The SFA is insisting that penalty call was entirely correct
TODAY’S WEATHER
THE BIG STORIES
Burnham makes plans for Westminster | Bain ‘to stand down’ as Lord Advocate | Trump claims China progress
📣 A high-stakes plan for the “King of the North” Andy Burnham to win a Westminster seat and challenge Keir Starmer for leadership of the Labour Party is starting to emerge.
Burnham, currently the Greater Manchester mayor, will ask to run for Labour in the nearby seat of Makerfield after its Labour MP, Josh Simons, said he’d resign to make way for him. Keir Starmer has said he will not block Burnham’s candidacy. (BBC)
Winning the byelection would allow Burnham to challenge Starmer. But it’s a strategy fraught with risk: he will face a tough fight to win the vote. In last week’s elections, Reform won 50.4% of the vote across eight wards in the constituency that were up for grabs. It came second for the parliamentary seat in the last election.
Nigel Farage said yesterday it would “throw absolutely everything” to halt Burnham, whom it regards as a far tougher opponent than Starmer. (Guardian)
Wes Streeting resigned as Health Secretary and is expected to launch his own leadership challenge. But he might wait: his resignation letter doffed a metaphorical cap to the candidacy of Burnham, calling for “the best possible field of candidates” to fight it out for Number 10. A further alliance between the two would not be far-fetched. (Guardian)
Who could the wider field include? The Mirror runs the rule on six potential candidates. (Mirror)
Quentin Letts: The minute after Wes’s bombshell dropped, there was a thunderstorm. It was like an augury from Scooby-Doo! (Mail)

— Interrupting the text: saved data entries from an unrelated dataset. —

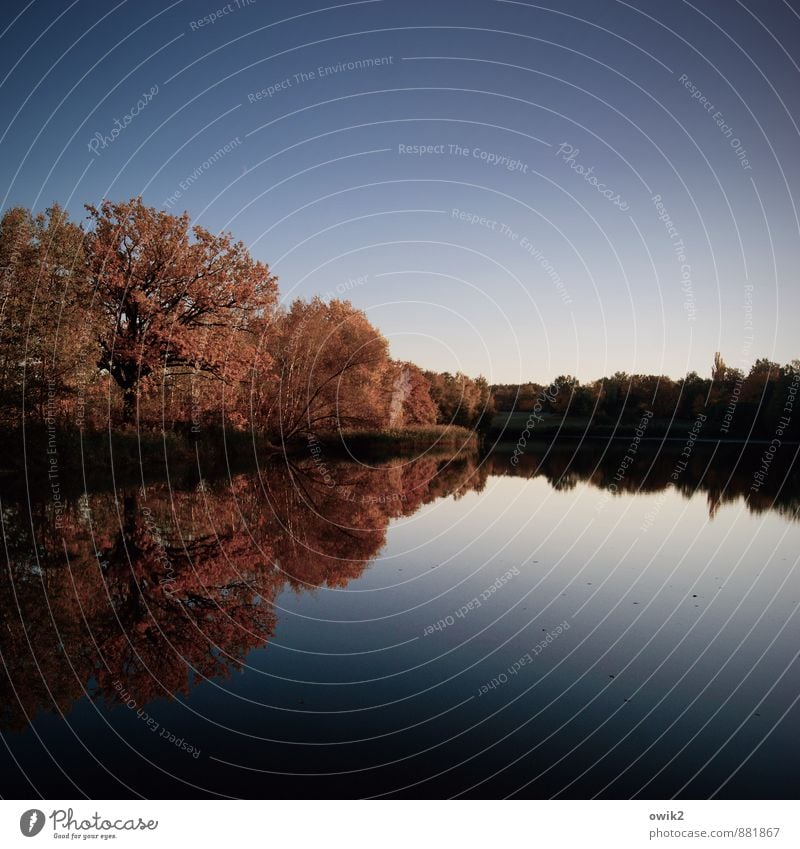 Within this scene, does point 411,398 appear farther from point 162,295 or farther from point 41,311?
point 41,311

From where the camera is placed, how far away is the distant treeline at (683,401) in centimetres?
7869

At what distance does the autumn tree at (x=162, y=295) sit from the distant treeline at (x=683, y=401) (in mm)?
43229

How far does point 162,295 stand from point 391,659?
26481mm

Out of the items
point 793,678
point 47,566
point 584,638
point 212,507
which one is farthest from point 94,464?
point 793,678

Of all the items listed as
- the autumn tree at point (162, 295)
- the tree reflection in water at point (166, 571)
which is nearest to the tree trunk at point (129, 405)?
the autumn tree at point (162, 295)

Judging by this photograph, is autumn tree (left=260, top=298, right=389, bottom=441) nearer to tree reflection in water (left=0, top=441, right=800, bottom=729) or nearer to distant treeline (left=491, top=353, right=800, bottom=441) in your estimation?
tree reflection in water (left=0, top=441, right=800, bottom=729)

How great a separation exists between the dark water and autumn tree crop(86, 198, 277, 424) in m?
14.0

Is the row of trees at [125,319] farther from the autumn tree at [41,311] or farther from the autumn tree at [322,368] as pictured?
the autumn tree at [322,368]

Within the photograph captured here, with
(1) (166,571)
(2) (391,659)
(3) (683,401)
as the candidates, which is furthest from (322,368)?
(3) (683,401)

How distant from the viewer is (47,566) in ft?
40.3

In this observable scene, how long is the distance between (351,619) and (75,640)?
370cm

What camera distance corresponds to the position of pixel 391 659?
28.0ft

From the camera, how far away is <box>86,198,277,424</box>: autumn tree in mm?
29781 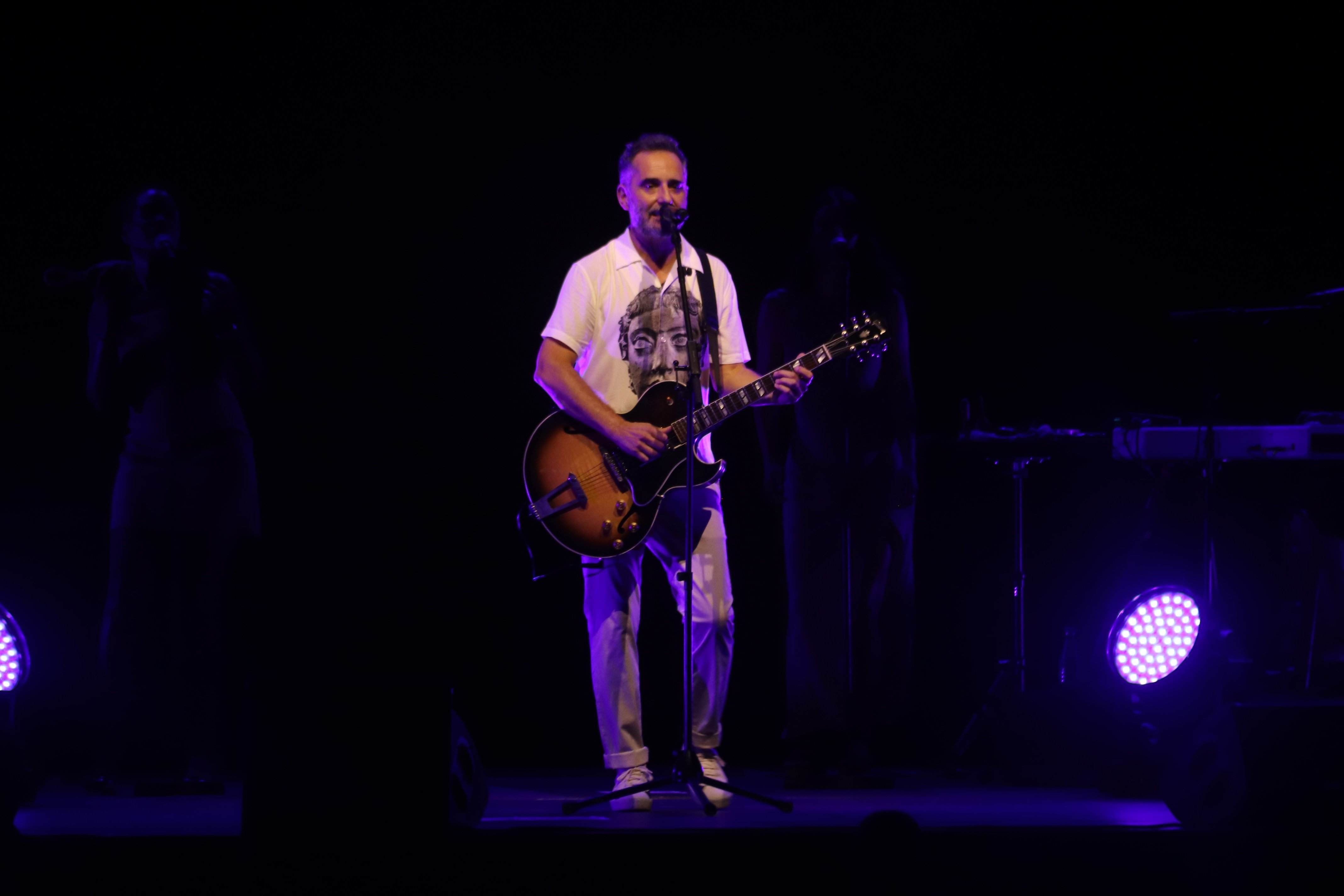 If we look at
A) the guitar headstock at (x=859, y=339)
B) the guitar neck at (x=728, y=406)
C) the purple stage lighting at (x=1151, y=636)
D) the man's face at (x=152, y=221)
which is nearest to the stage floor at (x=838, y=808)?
the purple stage lighting at (x=1151, y=636)

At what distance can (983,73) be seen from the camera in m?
5.54

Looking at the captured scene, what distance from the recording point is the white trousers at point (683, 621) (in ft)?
13.5

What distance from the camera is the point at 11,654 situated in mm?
4711

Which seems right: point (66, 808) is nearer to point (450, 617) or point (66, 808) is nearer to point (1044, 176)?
point (450, 617)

📣 Scotland’s Lord Advocate, Dorothy Bain, plans to stand down and First Minister John Swinney is searching for a successor, the Scotsman reports.
Ms Bain has been at the centre of a prolonged row over the dual role her job entails: the Lord Advocate is both the Scottish government’s most senior law advisor and Scotland’s top prosecutor. There have been demands to split the job in two. (The Scotsman has the exclusive)
The Scottish Parliament has a new presiding officer: Kenny Gibson, SNP MSP for Cunninghame North, was not his party’s first choice but won anyway after three secret ballots. (The Times)
📣 Donald Trump and Xi Jinping are holding their final round of talks in Beijing with the US president claiming many problems between the two have been “settled”. At send time, the two leaders are meeting in the walled-off Zhongnanhai complex, a secretive leadership compound. (Independent)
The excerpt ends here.